- **AIM OF THE TASK**:
Print exactly the line that contains "HomeRoots 4' Handmade", then every following line through the end of the material; include nothing else and no pictures.

- **SUPPLIED MATERIAL**:
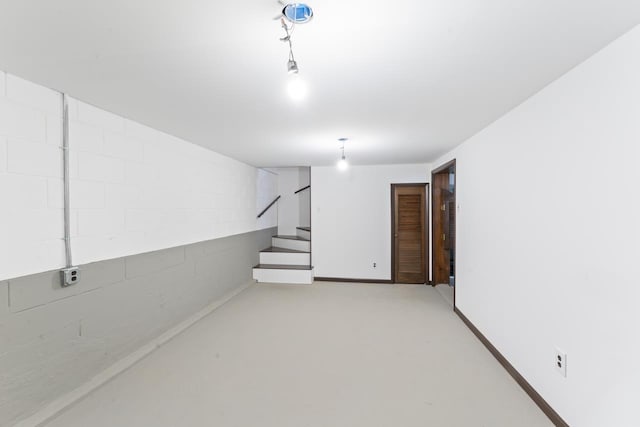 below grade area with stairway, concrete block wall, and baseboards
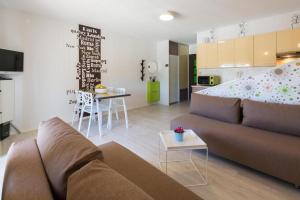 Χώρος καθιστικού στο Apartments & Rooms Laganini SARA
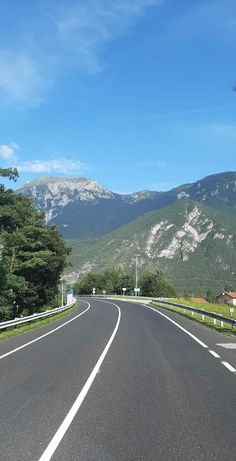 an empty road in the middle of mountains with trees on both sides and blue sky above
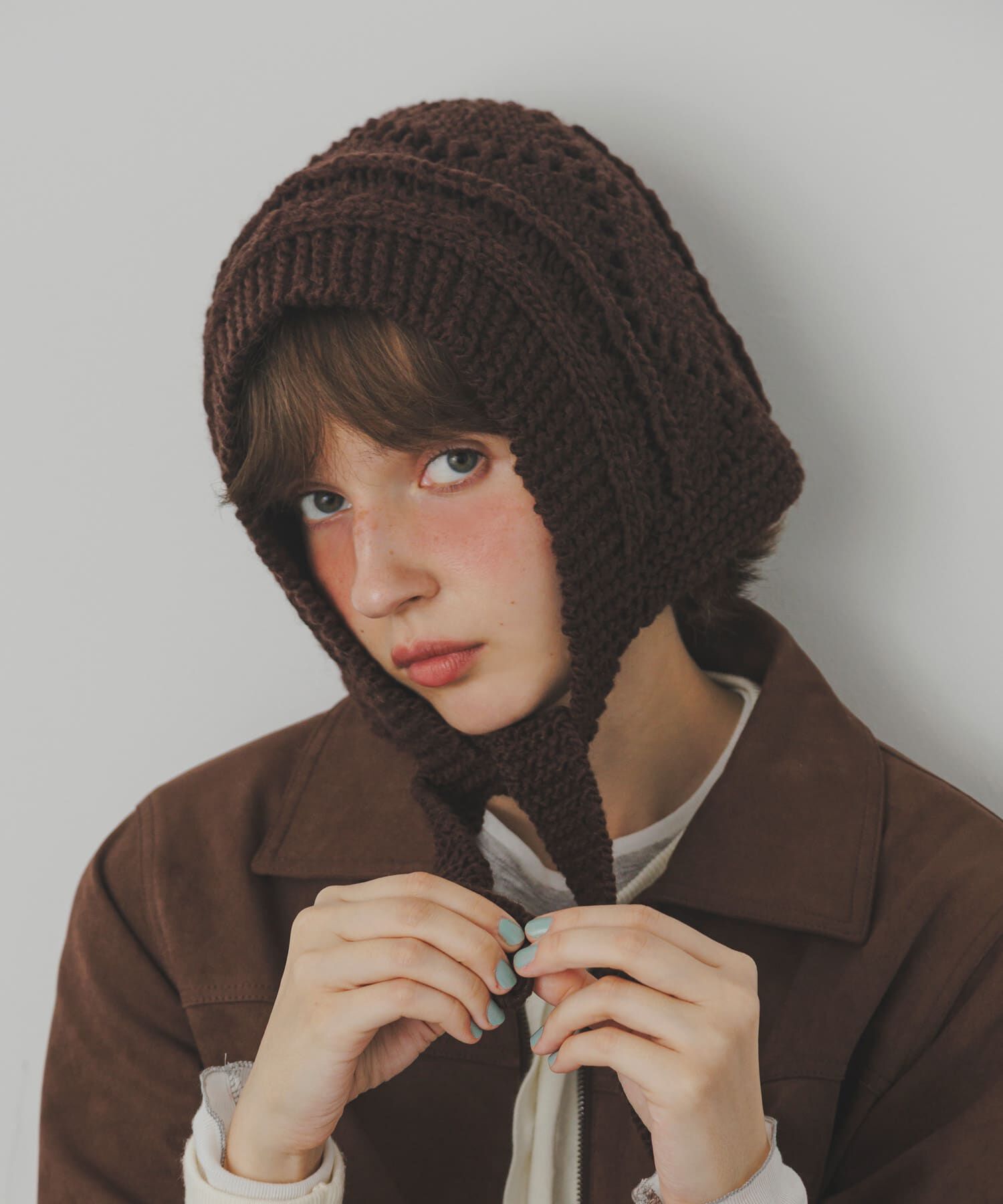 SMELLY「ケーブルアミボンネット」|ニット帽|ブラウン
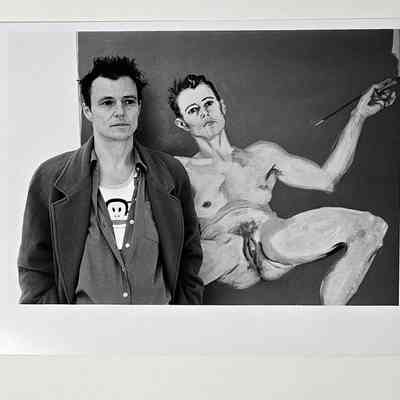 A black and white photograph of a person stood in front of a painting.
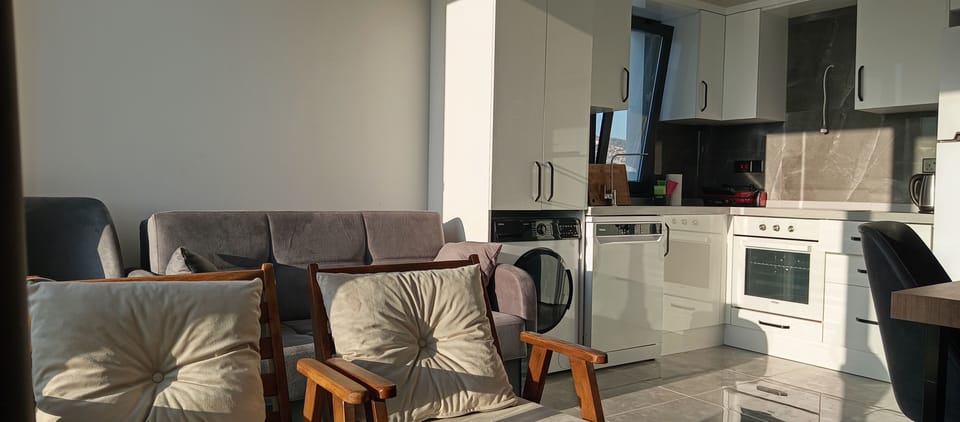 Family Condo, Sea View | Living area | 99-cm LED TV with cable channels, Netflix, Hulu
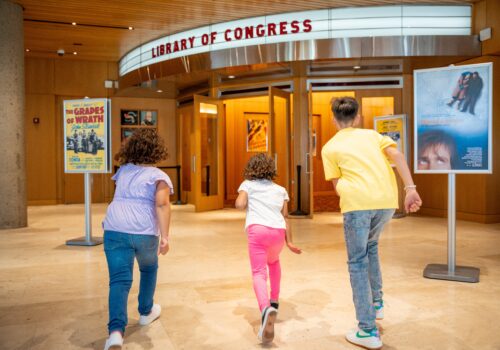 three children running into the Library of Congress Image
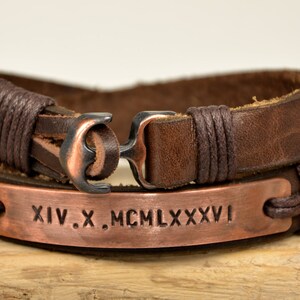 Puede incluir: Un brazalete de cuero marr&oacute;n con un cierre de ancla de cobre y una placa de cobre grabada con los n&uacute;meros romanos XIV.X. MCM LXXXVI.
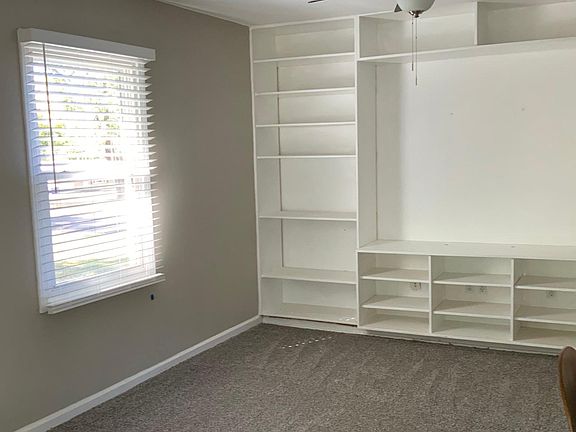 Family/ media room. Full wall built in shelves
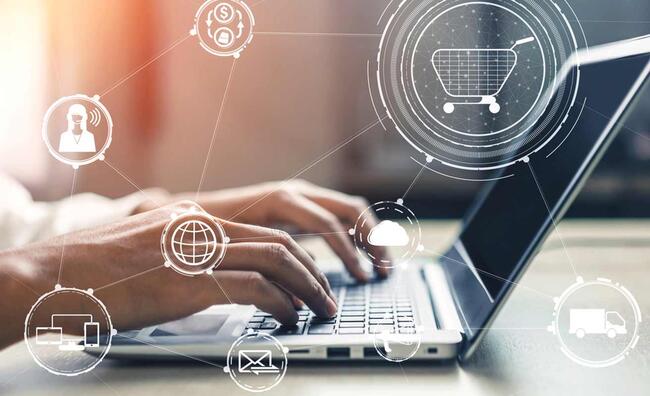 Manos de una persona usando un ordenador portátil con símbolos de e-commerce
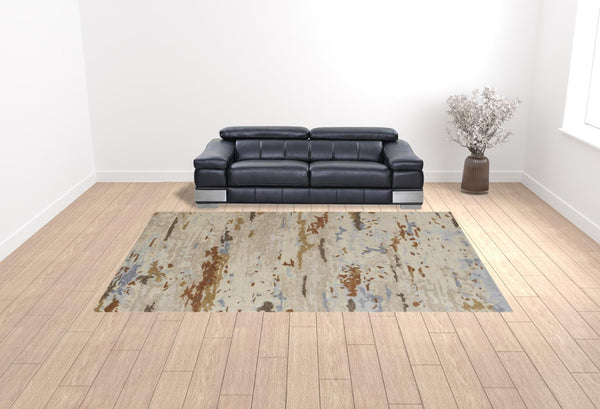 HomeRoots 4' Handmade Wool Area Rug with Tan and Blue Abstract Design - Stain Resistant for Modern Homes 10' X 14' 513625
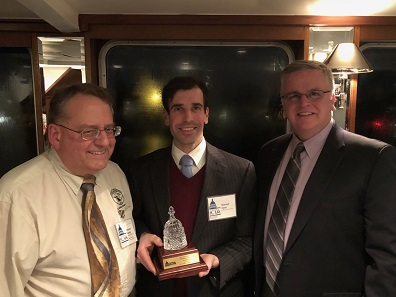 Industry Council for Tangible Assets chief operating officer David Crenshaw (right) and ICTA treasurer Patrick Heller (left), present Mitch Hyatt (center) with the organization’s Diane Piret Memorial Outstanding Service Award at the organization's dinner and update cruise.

- **TASK RESPONSE**:
 HomeRoots 4' Handmade Wool Area Rug with Tan and Blue Abstract Design - Stain Resistant for Modern Homes 10' X 14' 513625
 Industry Council for Tangible Assets chief operating officer David Crenshaw (right) and ICTA treasurer Patrick Heller (left), present Mitch Hyatt (center) with the organization’s Diane Piret Memorial Outstanding Service Award at the organization's dinner and update cruise.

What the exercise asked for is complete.